|Photo by Robin Rudd: The Throne of Psyche, 2011.|
A reply to Notes on poetic form at Via Negativa
I'd say that you are continually finding the forms that suit you, as am I. I like the way you work, and I don't think that you are on a plateau but are moving on and searching, as you should be.
But to say that does not mean that my use of more or less "set" forms is confining or limiting. All we have to do is look at any major poet in the history of culture to know that is not true (look, say, at blank verse in Shakespeare--or in Wallace Stevens! He was the first poet to make short blank verse an important part of his work, though I don't think anybody talks about it much. Good thesis topic for some poor graduate student, I suppose.) For me, the way forward demands passing through the tradition, but I am just one person and clearly that is just one thread in the wild pattern of poetry these days.

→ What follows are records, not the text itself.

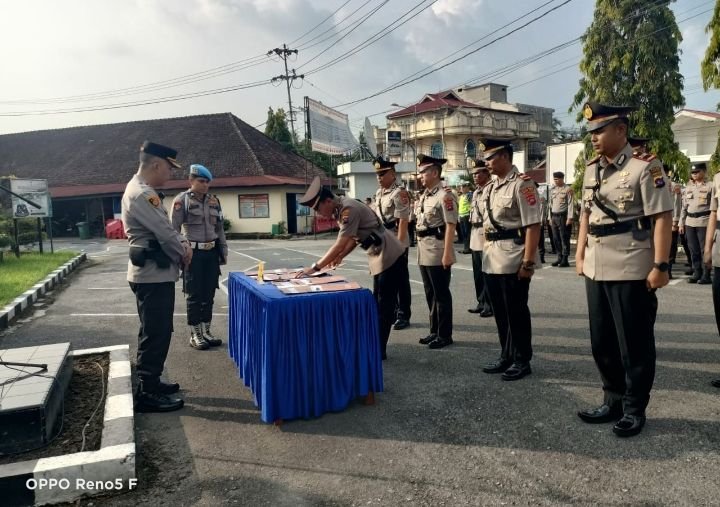 Kapolres Solok Kota AKBP Ahmad Fadilan Lakukan Sertijab 4 Pejabat Utama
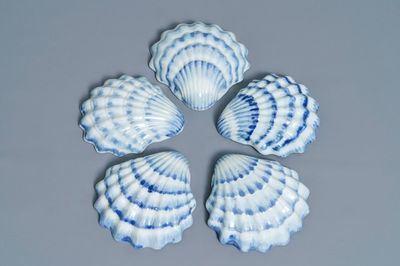 Vijf Chinese blauwwitte schelpvormige schaaltjes, Qianlong
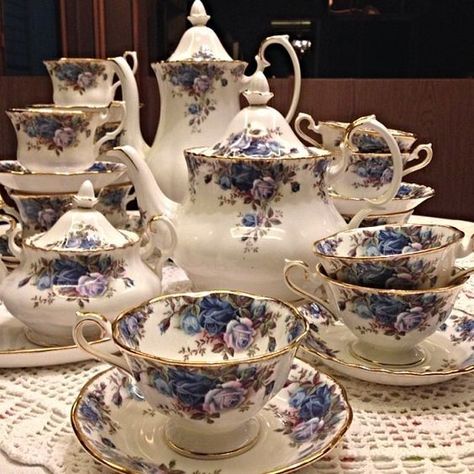 Teko Teh, طقم شاي, English Tea Set, Tea Cup Design, Desain Pantry, Smart Tiles, Blue Dishes, Antique Dishes, Tea Sets Vintage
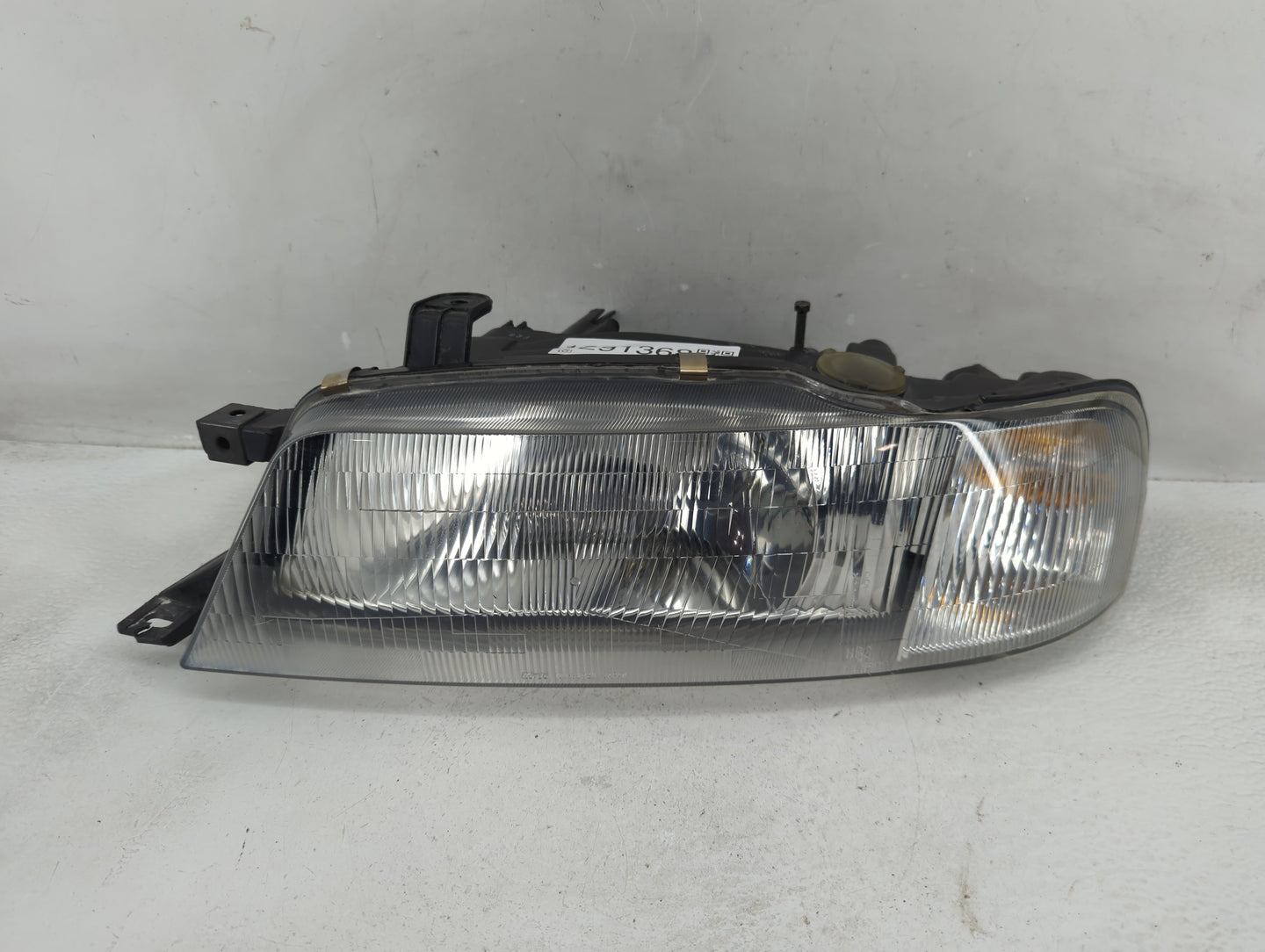 1999-2002 Suzuki Esteem Driver Left Oem Head Light Headlight Lamp - Oemusedautoparts1.com
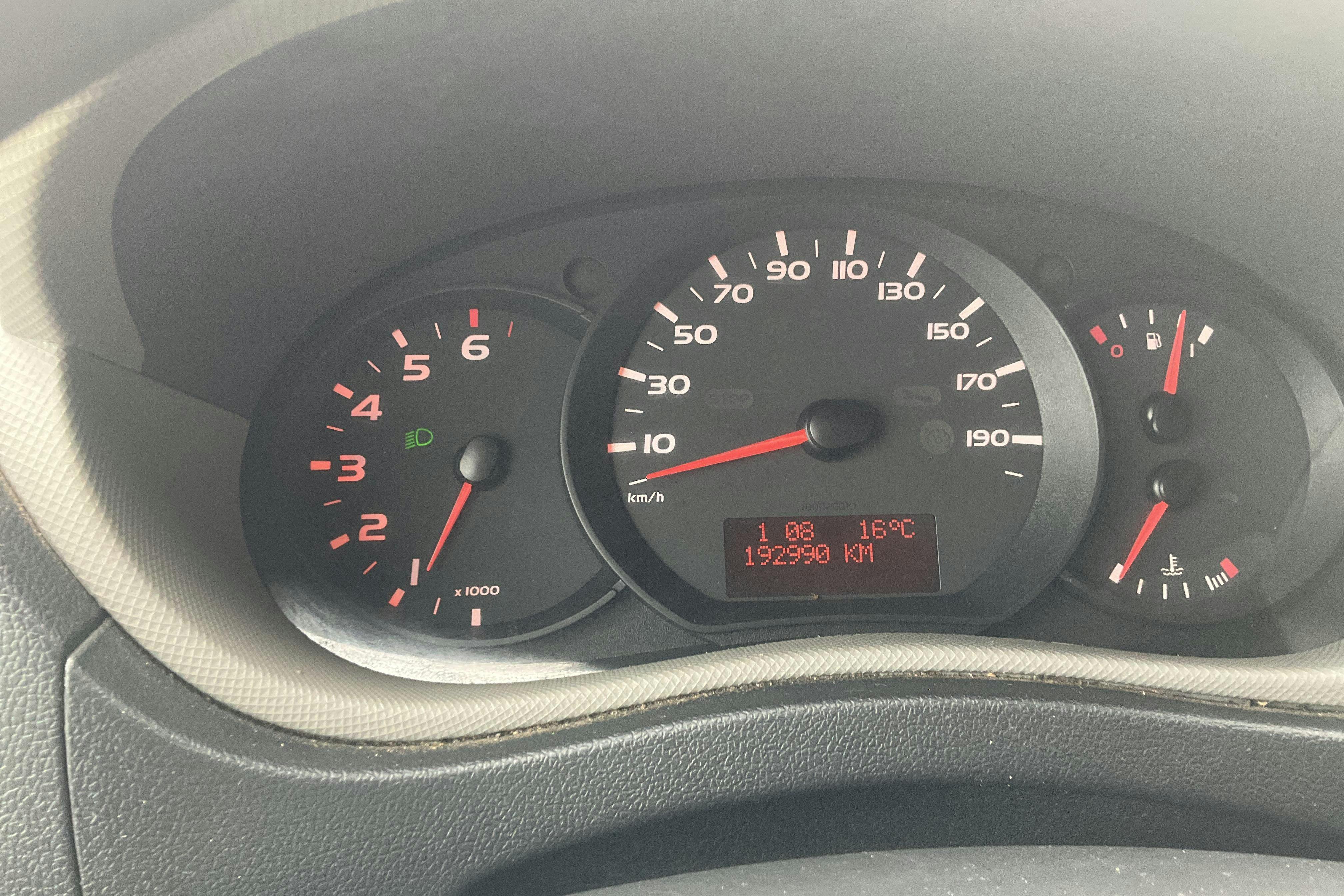 Vehicle Image 11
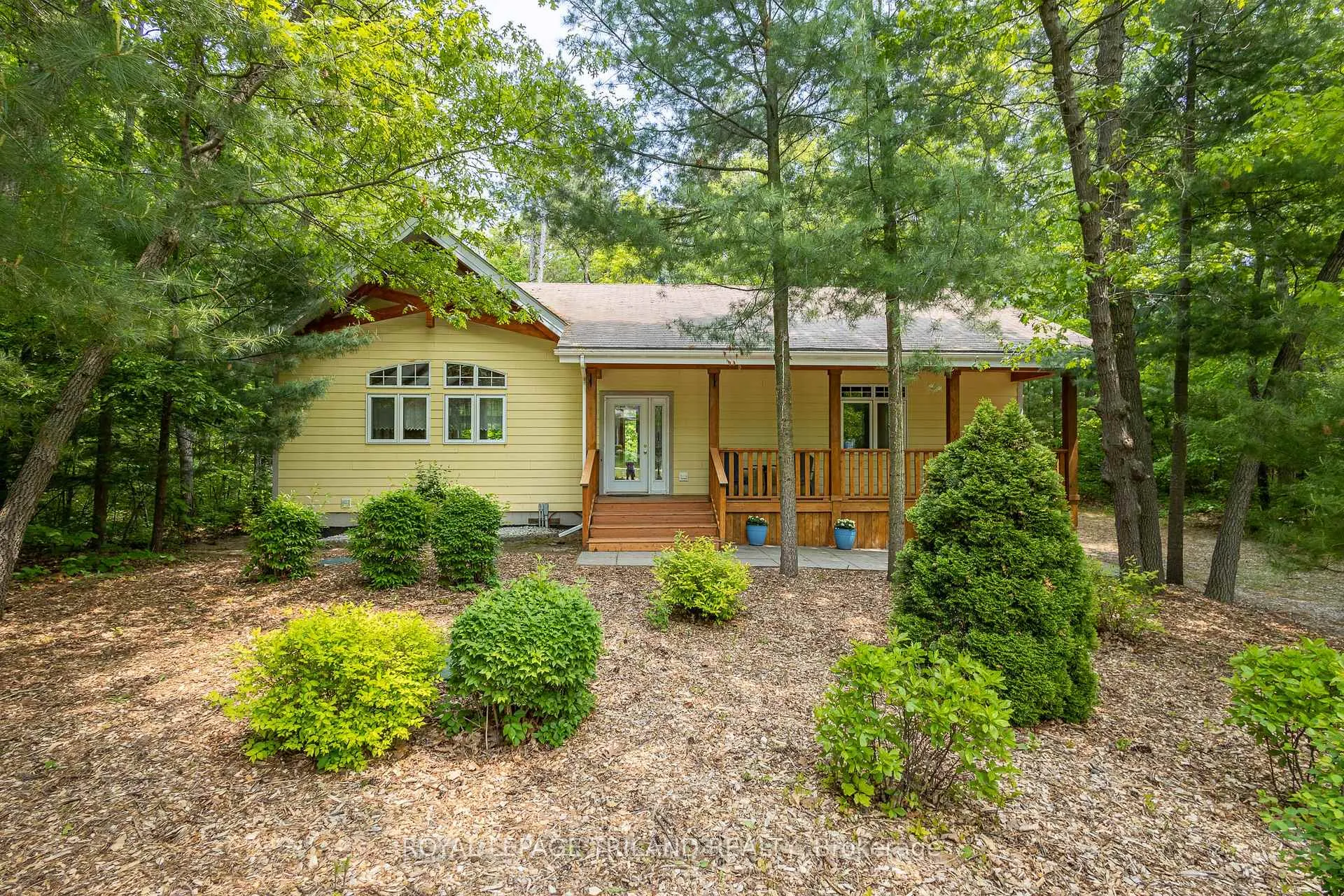 Photo 1 of 10059 Jennison Crescent, Lambton Shores, Grand Bend — HOMEH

In general, it is a less fashionable thread, of course.
Nor do I think that form means you must stay more "on the surface." It has not meant that for poets in the past, and some human beings are still wanting to pour their words into vessels, to fight with the angel of form to receive a blessing. But because poetry is not taught as it was once taught in childhood or read as often as it was once read, many young poets don't have a sense of the natural shape of a form. But is just as possible to "dive" and to feel "free" and to lodge truth and beauty in an ode or long blank verse as in anything else. I feel liberated when I write in form because for me, form brings surprise and vigor and unexpected connections--and then I can also feel what Whitman or the Modernists felt when I occasionally toss away set form to find my own.
When I listen to the voices out of poetry world, I find that the manifold put-downs of people who write in forms or people who write conceptual poetry or people who write language poetry or flarf or whatever are pursuing the wrong thing. For me, it's not whether a particular kind of poetry is "right" or "wrong." I don't even find that those choices are in the realm of "right" and "wrong." What I care about is whether an individual poem lives and whether words have managed to fountain into the world with a certain vital energy that lasts through re-readings.

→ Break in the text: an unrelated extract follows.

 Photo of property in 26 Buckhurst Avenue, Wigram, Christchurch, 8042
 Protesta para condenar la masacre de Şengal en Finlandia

It's as in any creation. I want my Adams and Eves of paper to live rather than lie on the floor, inert and never waking. For me, if there is no meaning and no word-pleasure in a writer's work, then it is simply dead leaves. (Of course, there are some groups of poets who would reject that view entirely--and with those poets I agree to disagree. Some of them would rather not agree to disagree, but that does not bother me either.)
I am glad you write the poetry you write as you write it, and I am glad of your manifold and interesting web self, which I value as much as I value the flesh-you that I met in Wales. And now I go off to polish fiction.